Configuration-driven data pipeline

Table of Contents ( ← TOC)

Solution ideas

This article is a solution idea. If you'd like us to expand the content with more information, such as potential use cases, alternative services, implementation considerations, or pricing guidance, let us know by providing GitHub feedback.

This article is a solution idea for creating and maintaining a data pipeline by using a configuration file. The file can, for example, contain a configuration that's specified by using JSON format. The file defines the ingestion, transformations, and curation of the data. It's the only file that needs to be maintained for data processing, so the business users or operations team can manage the data pipeline without the aid of a developer.

Apache®, Apache Spark®, and the flame logo are either registered trademarks or trademarks of the Apache Software Foundation in the United States and/or other countries. No endorsement by The Apache Software Foundation is implied by the use of these marks.

Architecture

Download a PowerPoint file of this architecture.

Dataflow

Configuration: The metadata of the pipeline defines the pipeline stages, data sources, transformations, and aggregation logic. There are three pipeline stages: staging, standardization, and serving. The aggregation logic can be implemented in Spark SQL.
REST APIs: The REST APIs are used to manage the pipeline configuration. The business users or operations team can manage the pipeline configuration by using a web UI that's based on the API layer.
Framework: The framework loads the configuration files and converts them into Azure Databricks jobs. It encapsulates the complex Spark cluster and job runtime and presents an interface that's easy to use so that the business users can focus on business logic. The framework is based on PySpark and Azure Delta Lake. It's created and managed by data engineers.

Components

Azure Data Factory loads external data and stores it in Azure Data Lake Storage.
Azure Event Hubs accepts streaming data from various sources. Azure Databricks loads streaming data directly from Event Hubs.
Data Lake Storage is the data storage layer of the staging, standardization, and serving zones.
Azure Databricks is the calculation engine for data transformation. The transformation logic is implemented with Spark SQL.
Azure Databricks Client Library provides a convenient interface to the Azure Databricks REST API, which is used to deploy the Azure Databricks job that's converted from the configuration file.
Azure Functions provides a way to implement the API layer that's used to create and deploy Azure Databricks jobs.
Azure Pipelines is the Azure Devops service that provides the pipelines that automate the builds and deployments in the framework. The framework can be built as a wheel (.whl) file and published to Azure Databricks clusters as a library.
Power BI is a collection of software services, apps, and connectors that can work together to turn unrelated sources of data into coherent, visually immersive, and interactive insights.

Scenario details

This section has additional information about applying and implementing configuration-driven pipelines.

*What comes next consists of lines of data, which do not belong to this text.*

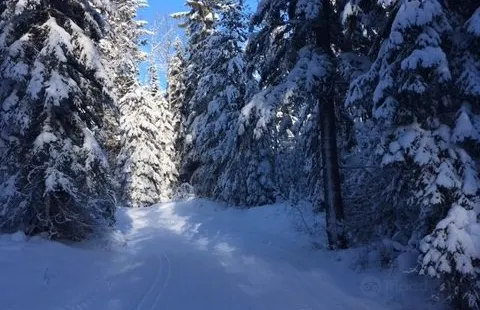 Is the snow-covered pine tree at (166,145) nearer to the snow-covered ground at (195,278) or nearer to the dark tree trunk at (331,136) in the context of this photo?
the snow-covered ground at (195,278)

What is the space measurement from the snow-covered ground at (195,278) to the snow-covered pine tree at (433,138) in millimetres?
1501

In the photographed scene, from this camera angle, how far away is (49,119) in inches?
561

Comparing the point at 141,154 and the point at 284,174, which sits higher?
the point at 141,154

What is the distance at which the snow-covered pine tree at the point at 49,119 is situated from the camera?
547 inches

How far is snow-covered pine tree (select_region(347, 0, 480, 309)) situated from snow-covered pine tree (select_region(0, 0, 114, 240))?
885 centimetres

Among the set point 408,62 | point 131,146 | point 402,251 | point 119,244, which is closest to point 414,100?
point 408,62

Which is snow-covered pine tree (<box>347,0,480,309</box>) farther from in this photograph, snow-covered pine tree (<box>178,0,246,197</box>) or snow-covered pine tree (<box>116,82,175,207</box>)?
snow-covered pine tree (<box>116,82,175,207</box>)

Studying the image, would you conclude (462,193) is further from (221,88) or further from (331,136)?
(221,88)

The medallion architecture

In the medallion architecture that Azure Databricks introduced, a data pipeline has three stages: staging, standardization, and serving.

Stage	Description
Bronze/Staging	The data from external systems is ingested and stored. The data structures in this stage correspond to the table structures as they are on the source systems, along with additional metadata columns like the date and time of the load, the process ID, and so on.
Silver/Standardization	The staged data is cleansed and transformed and then stored. It provides enriched datasets that are suited for further business analysis. The master data can be versioned with slowly changed dimension (SCD) patterns, and the transaction data is deduplicated and contextualized by using master data.
Gold/Serving	The data from the standardization stage is aggregated and then stored. The data is organized in consumption-ready, project-specific databases that are provided by services such as those in the Azure SQL family.

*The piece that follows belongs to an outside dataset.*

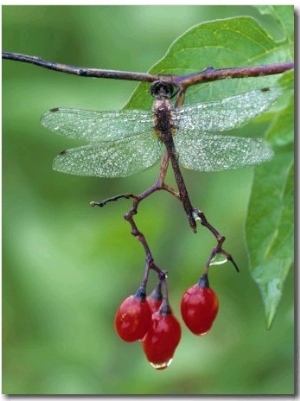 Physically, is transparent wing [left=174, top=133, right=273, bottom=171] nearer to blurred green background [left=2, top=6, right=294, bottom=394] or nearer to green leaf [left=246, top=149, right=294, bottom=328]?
green leaf [left=246, top=149, right=294, bottom=328]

Enterprise data warehouses can have large numbers of existing data pipelines. The data pipelines are usually managed by data engineers who write and maintain the code that implements data ingestion, data transformation, and data curation. The code is usually written in Spark SQL, Scala, or Python, and stored in a Git repository. The data engineers need to maintain the code and deploy the pipelines with complicated DevOps deployment pipelines. As business requirements increase and change, the need for engineering effort can become a bottleneck to data pipeline development. As a consequence, the business users or operations teams can wait for a long time to get the data they need.

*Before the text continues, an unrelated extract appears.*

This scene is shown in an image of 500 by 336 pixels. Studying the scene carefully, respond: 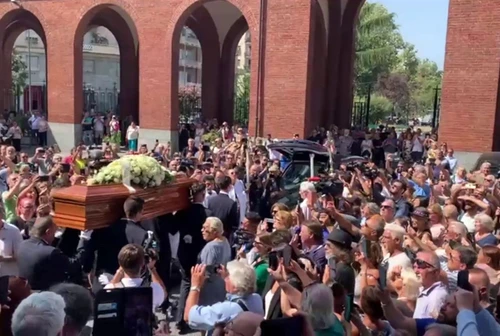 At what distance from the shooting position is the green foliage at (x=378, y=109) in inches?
2063

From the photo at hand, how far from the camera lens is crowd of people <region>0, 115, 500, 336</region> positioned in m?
3.52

This solution proposes a data pipeline that's driven by a configuration file. The configuration file can be in JSON format. It specifies the data ingestion, transformation, and curation processes. The configuration file is the only file that needs to be maintained for data processing. In this way, business users or operations teams can maintain the data pipeline without help from developers.

Potential use cases

In a manufacturing company, the factory operator wants to ingest all recipe data from the on-premises servers in its factories, which number more than 30. It provides a curated view of the data to ensure that it's complete, so that production can start. The factories can have different data schemas. Configuration-driven data pipelines can simplify the data ingestion and standardization process.
A solution provider hopes to build a common data platform for customers. The platform should significantly reduce development efforts by engineers and the need to handle various data sources, data schemas, and transformation logic. This helps the solution provider to onboard the customers rapidly.

Deploy this solution

Configuration file example

The metadata of the pipeline defines the pipeline stages, data sources, transformations, and aggregation logic. Here's an example of a configuration file:

{
  "name": "fruit_data_app",
  "staging": [
    {
      "name": "sales",
      "format": "csv",
      "target": "raw_sales",
      "location": "sales/",
      "type": "batch",
      "output": ["file", "view"],
      "schema": {...}
    },
    {
      "name": "price",
      "format": "csv",
      "target": "raw_price",
      "location": "price/",
      "type": "batch",
      "output": ["file", "view"],
      "schema": {...}
    }
  ],
  "standardization": [
    {
      "name": "fruit_sales",
      "sql": "select price.fruit, price.id, sales.amount, price.price from raw_sales sales left outer join raw_price price on sales.id = price.id",
      "target": "fruit_sales",
      "type": "batch",
      "output": ["file", "view"]
    }
  ],
  "serving": [
    {
      "name": "fruit_sales_total",
      "sql": "select id, fruit, sum(amount*price) as total from fruit_sales group by id, fruit order by total desc",
      "target": "fruit_sales_total",
      "type": "batch",
      "output": ["table", "file"]
    }
  ]
}

There are three pipeline stages: staging, standardization, and serving. The aggregation logic can be implemented in Spark SQL. In this example, there are two Spark SQL procedures. The one in standardization merges price and sales data. The one in serving aggregates the sales data.

Framework code snippets

Here are some code snippets of the framework, which runs Spark jobs based on the configuration file.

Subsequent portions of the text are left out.